* _WORK INSTRUCTION_:
For each line of the data that includes the word "Reader", copy the line.

* _RECORD EXTRACTS_:
<<<<

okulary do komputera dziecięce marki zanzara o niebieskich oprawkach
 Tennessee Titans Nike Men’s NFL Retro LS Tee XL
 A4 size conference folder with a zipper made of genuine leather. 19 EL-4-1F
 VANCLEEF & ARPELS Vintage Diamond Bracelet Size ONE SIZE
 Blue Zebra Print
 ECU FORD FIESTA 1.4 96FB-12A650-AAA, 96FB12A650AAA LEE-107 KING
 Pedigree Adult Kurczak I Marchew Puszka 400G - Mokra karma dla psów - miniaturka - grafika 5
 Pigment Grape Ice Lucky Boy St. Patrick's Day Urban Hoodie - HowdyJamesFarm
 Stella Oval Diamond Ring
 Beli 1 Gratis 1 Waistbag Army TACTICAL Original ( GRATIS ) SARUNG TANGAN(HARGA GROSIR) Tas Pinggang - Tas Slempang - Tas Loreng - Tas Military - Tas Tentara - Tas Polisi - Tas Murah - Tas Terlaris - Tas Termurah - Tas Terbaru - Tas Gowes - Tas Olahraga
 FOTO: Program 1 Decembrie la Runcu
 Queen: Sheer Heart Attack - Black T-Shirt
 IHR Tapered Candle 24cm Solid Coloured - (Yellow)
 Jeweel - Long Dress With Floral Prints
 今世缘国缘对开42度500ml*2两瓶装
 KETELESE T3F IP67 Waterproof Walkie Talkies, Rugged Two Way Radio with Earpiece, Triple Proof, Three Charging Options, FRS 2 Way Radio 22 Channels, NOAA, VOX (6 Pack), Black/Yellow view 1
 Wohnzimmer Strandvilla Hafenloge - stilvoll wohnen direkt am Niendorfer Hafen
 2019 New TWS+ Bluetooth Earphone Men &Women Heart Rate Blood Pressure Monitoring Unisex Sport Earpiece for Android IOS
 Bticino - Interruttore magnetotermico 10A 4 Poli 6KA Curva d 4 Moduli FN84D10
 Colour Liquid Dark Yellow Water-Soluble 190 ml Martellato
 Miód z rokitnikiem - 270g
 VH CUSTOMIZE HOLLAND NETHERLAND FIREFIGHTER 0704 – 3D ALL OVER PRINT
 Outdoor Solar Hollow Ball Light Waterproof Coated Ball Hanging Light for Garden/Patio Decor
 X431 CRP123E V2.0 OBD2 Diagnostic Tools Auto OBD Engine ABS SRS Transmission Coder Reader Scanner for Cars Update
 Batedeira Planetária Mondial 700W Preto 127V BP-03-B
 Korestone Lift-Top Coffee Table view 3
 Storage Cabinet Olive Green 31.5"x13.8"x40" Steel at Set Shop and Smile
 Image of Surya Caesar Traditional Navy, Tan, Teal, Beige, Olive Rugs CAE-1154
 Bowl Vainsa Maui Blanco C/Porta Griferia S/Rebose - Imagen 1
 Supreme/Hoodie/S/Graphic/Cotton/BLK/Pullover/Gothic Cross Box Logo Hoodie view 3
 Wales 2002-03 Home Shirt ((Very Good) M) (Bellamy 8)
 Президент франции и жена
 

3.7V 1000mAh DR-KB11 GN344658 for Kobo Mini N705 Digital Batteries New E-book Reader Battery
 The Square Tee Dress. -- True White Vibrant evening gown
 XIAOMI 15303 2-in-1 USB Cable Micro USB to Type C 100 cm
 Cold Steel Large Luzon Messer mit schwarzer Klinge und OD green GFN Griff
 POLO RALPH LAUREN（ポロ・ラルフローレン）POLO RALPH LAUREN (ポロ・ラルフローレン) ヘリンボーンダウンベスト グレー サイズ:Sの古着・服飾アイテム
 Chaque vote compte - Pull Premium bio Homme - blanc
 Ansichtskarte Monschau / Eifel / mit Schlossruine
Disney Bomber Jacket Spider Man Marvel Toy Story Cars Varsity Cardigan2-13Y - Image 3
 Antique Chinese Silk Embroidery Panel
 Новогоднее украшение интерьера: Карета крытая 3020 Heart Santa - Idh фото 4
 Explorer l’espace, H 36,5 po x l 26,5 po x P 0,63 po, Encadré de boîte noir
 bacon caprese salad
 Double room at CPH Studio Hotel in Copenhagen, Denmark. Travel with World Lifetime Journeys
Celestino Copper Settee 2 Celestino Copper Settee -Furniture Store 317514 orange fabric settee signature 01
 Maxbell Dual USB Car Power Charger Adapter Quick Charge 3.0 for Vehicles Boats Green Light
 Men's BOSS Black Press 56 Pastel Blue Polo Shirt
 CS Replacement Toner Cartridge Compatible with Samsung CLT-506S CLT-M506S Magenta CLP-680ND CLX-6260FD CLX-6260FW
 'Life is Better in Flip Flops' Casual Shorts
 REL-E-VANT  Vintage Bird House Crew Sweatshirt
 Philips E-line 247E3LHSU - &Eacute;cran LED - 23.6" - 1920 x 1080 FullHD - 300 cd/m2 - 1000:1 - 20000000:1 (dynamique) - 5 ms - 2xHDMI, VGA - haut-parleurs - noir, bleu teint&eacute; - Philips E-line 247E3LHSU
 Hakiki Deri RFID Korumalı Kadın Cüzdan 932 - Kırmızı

>>>>

* _RESPONSE TO THE TASK_:
 X431 CRP123E V2.0 OBD2 Diagnostic Tools Auto OBD Engine ABS SRS Transmission Coder Reader Scanner for Cars Update
3.7V 1000mAh DR-KB11 GN344658 for Kobo Mini N705 Digital Batteries New E-book Reader Battery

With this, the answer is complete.